Au-delà de la seule collecte des données de contact figurant sur les réseaux sociaux, le problème soulevé par les logiciels de stratégie électorale concerne également le ciblage des électeurs et les conséquences pratiques qui peuvent découler de leur présence dans ces bases de données. Celles-ci permettent de croiser de nombreuses catégories d’informations provenant de sources diverses :
- informations de profil des réseaux autres que les seules données de contact,
- données de navigation collectées via des cookies,
- données transmises par des tiers et collectées dans un contexte sans rapport avec la prospection politique, etc.
Les nouveaux outils de prospection électorale peuvent permettre de collecter non seulement les données déclaratives des profils (nom, prénom, profession dans la mesure où l’individu l’a renseignée), mais aussi des données d’usage (quand, avec quelle fréquence la personne interagit avec le candidat, quelles sont les pages qu’elle visite, etc.).
Ces logiciels posent ainsi la question des limites à apporter à la combinaison de données, à l’exploitation de données relatives au comportement, aux goûts et aux interactions sociales en ligne des personnes, ainsi qu’aux conséquences de ces opérations sur les personnes concernées.
La combinaison de données sur chacun des utilisateurs d’un service (comme un réseau social), en l’absence d’outil de contrôle suffisant à leur disposition et de possibilité de s’opposer au profilage, ne peut se fonder sur l’intérêt légitime du responsable de traitement en l’absence de juste équilibre avec les droits et libertés des personnes concernées.

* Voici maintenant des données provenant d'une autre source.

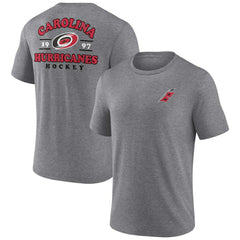 Carolina Hurricanes Winger Tri-Blend T-Shirt - Heather Gray T-shirts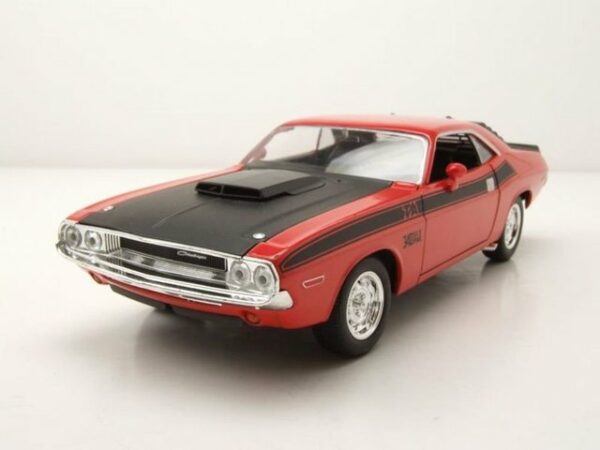 Welly Modellauto Dodge Challenger T/A 1970 orange schwarz Modellauto 1:24 Welly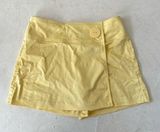 Cache Yellow Y2K Skort Tennis Short Size 6 Photo 0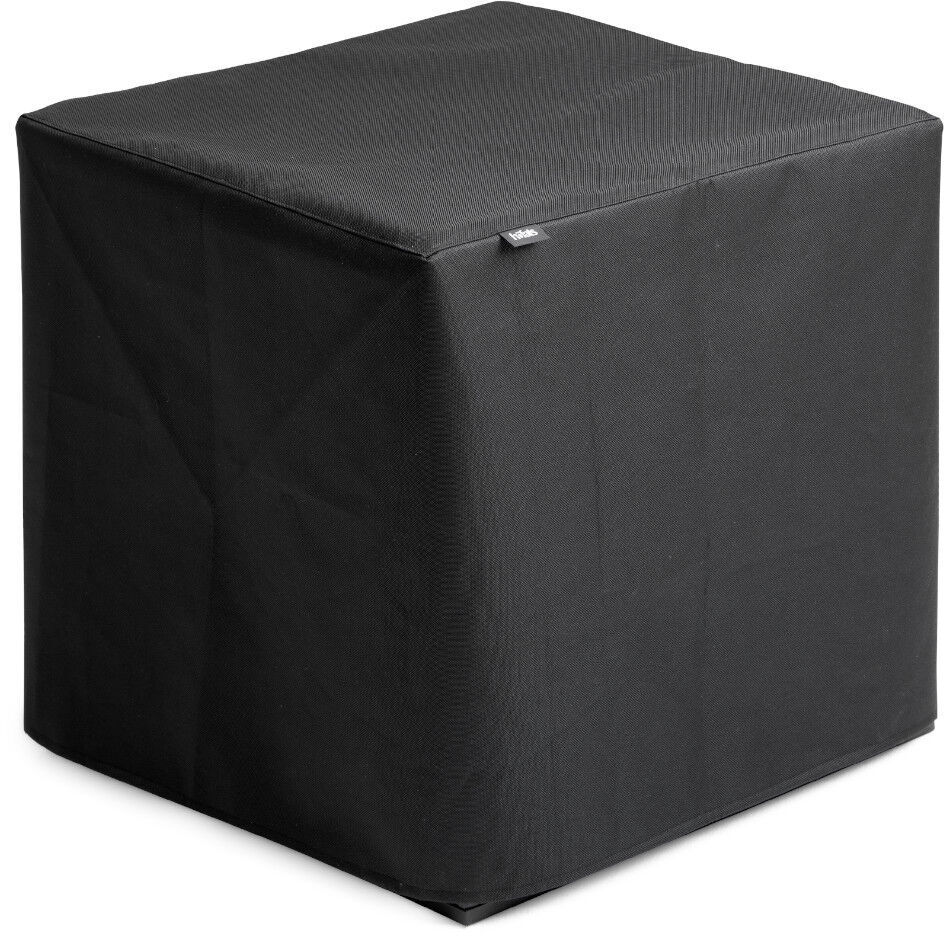 Schwarz quadratische Abdeckhaube für Gartenmöbel mit einer glatten, strapazierfähigen Oberfläche. Geeignet zum Schutz vor Witterungseinflüssen und Staub.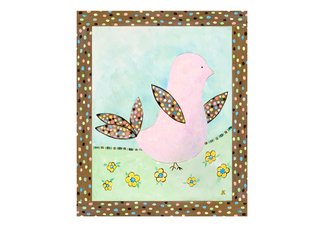 Polka Dot Bird" canvas gallery wrapped art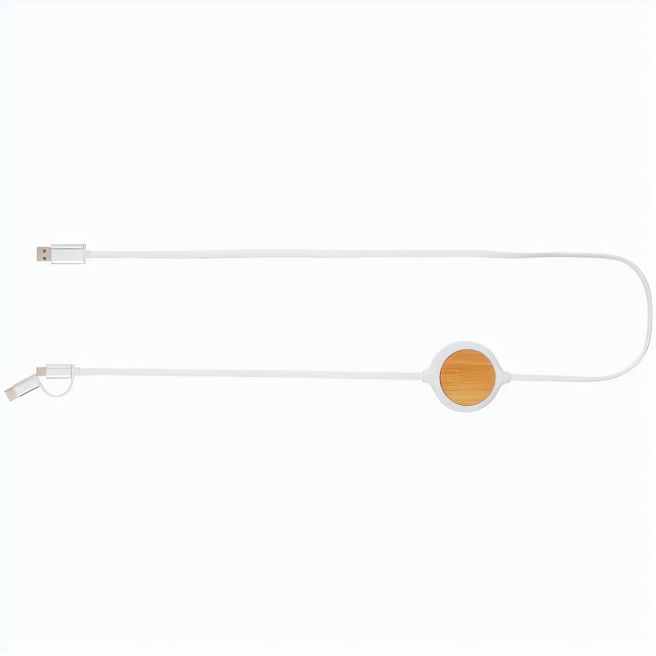3-in-1 Kabel mit 5W Bambus Wireless Charger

Le consentement des internautes est donc nécessaire.
Ces combinaisons de données doivent se fonder sur le consentement des personnes et ne sauraient être mises en œuvre uniquement sur le fondement de l’intérêt, même légitime, du candidat ou parti.
Dans quelles conditions les partis ou candidats peuvent-ils croiser des données ?
Les conditions de croisement peuvent être ainsi résumées :
- Information de l’internaute à chaque collecte de données sur les réseaux sociaux,
- Recueil de son consentement (acte positif clair par lequel la personne concernée manifeste de façon libre, spécifique, éclairée et univoque son accord au traitement des données à caractère personnel la concernant) quant à l’ensemble des conditions de mise en œuvre du traitement de données ainsi agrégées.
Une case à cocher pourrait être proposée assortie d’une mention indiquant « j’accepte que mes données [préciser lesquelles] soient utilisées afin de [indiquer la finalité par ex. « mieux connaitre mes attentes », « personnaliser des messages », etc.].
Ce consentement doit pouvoir être retiré à tout moment.
Le croisement des données personnelles ne peut concerner que les contacts réguliers. Les conditions d’information et de recueil du consentement peuvent en effet difficilement être satisfaites pour les contacts occasionnels.
Le recueil du consentement et la qualité de l’information sont d’autant plus importants que l’utilisation des logiciels de stratégie électorale peut susciter des réserves de la part des personnes ciblées, notamment lorsque que le ciblage sur internet est utilisé pour établir un contact direct.
Une des tendances constatées consiste en effet à passer d’une prospection ciblée en ligne à une prospection ciblée en face-à-face (« du virtuel au réel ») – le porte-à-porte –, qui vise en particulier à mobiliser l’électorat et notamment les abstentionnistes. Ainsi, le mouvement en cours est celui d’un passage d’un porte-à-porte traditionnel indifférencié (sur la base de la liste électorale) à un porte-à-porte ciblé, sur la base des informations collectées en ligne. Les deux types de contact sont cependant très différents.
En l’absence d’un tel consentement, seuls des porte-à-porte ciblés, à l’échelle d’une circonscription, d’un quartier ou d’une rue, devraient être réalisés sur la base des données traitées par ces logiciels, et non des porte-à-porte « personnalisés ».